──────── Input material ────────

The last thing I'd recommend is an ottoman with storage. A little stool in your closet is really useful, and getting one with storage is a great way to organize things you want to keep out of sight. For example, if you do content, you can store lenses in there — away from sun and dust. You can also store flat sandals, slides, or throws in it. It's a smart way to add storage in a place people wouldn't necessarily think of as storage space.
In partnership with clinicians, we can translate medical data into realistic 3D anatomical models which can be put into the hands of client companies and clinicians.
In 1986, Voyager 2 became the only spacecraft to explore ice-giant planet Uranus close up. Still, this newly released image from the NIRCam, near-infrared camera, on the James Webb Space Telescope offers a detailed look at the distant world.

────────
──────── Input material ────────

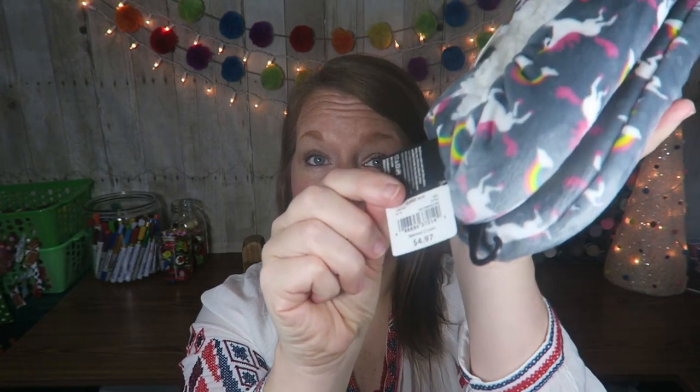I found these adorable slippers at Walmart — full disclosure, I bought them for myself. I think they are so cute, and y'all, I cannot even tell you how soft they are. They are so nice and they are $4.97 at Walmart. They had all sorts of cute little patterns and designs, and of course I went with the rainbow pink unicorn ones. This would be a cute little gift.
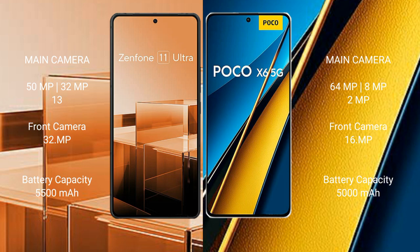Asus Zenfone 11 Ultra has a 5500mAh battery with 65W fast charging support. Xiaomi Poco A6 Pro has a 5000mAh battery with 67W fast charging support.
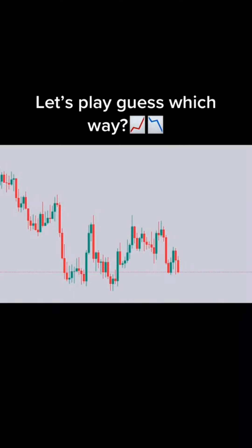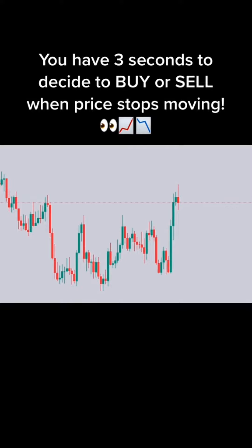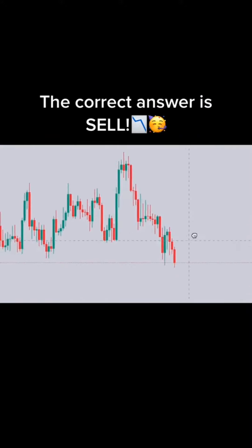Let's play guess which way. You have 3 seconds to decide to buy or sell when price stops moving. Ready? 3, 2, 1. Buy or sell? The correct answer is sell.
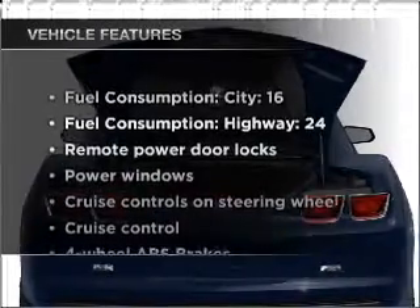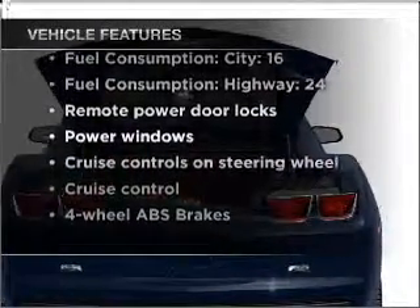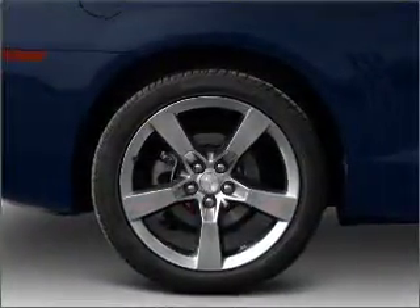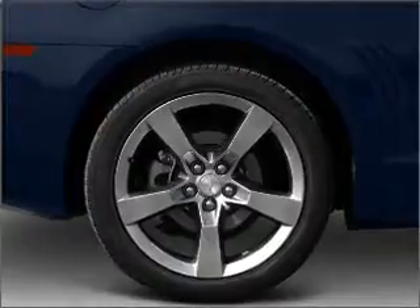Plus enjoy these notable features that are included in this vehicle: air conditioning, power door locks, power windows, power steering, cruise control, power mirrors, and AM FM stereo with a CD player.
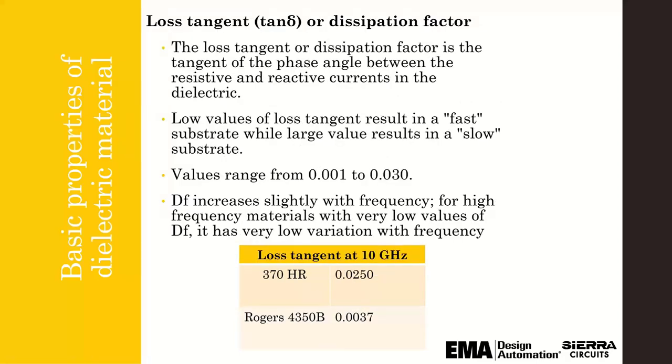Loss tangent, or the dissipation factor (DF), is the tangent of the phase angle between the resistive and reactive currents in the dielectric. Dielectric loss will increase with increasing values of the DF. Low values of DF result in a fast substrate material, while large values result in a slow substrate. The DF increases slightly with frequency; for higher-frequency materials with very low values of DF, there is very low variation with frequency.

────────
──────── Input material ────────

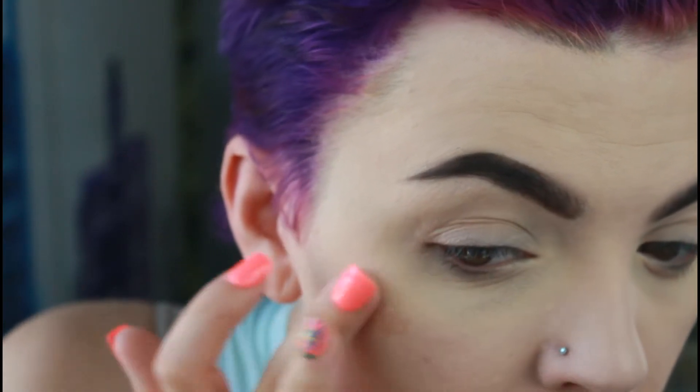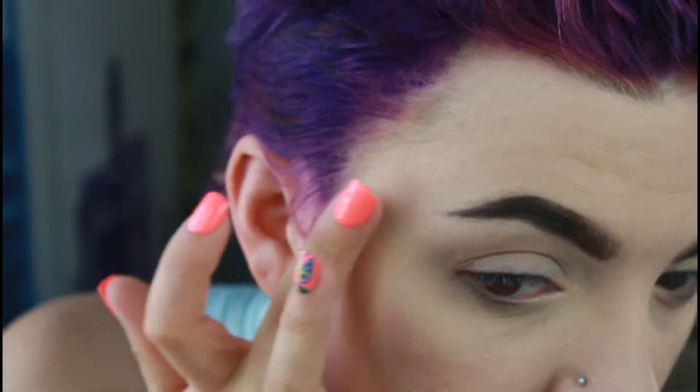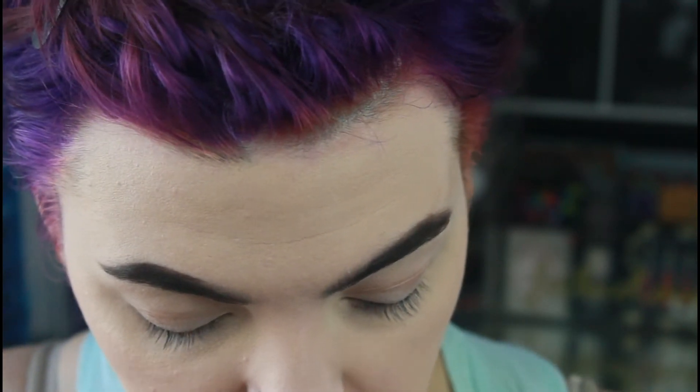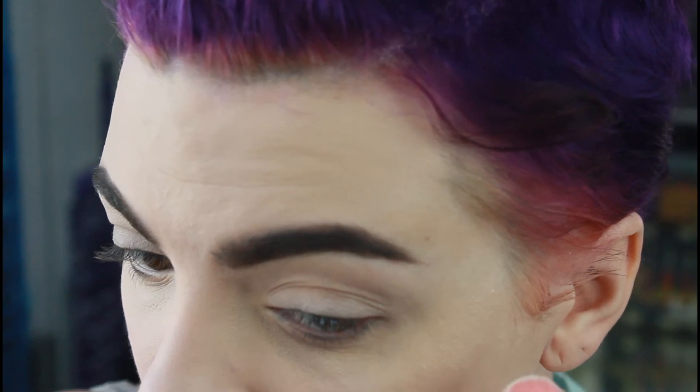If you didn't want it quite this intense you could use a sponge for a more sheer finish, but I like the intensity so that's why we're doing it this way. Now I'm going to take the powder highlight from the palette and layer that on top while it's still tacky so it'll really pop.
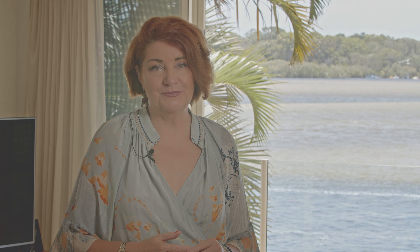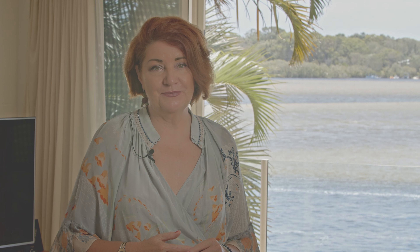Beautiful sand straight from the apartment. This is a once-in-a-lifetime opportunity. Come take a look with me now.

────────

■ Task details: Leaving each picture behind, please give again exactly the lines above from the one with "Asus Zenfone 11" through the one with "Plus enjoy these", both included, and no others.

■ Reply to the exercise:
Asus Zenfone 11 Ultra has a 5500mAh battery with 65W fast charging support. Xiaomi Poco A6 Pro has a 5000mAh battery with 67W fast charging support.
Let's play guess which way. You have 3 seconds to decide to buy or sell when price stops moving. Ready? 3, 2, 1. Buy or sell? The correct answer is sell.
Plus enjoy these notable features that are included in this vehicle: air conditioning, power door locks, power windows, power steering, cruise control, power mirrors, and AM FM stereo with a CD player.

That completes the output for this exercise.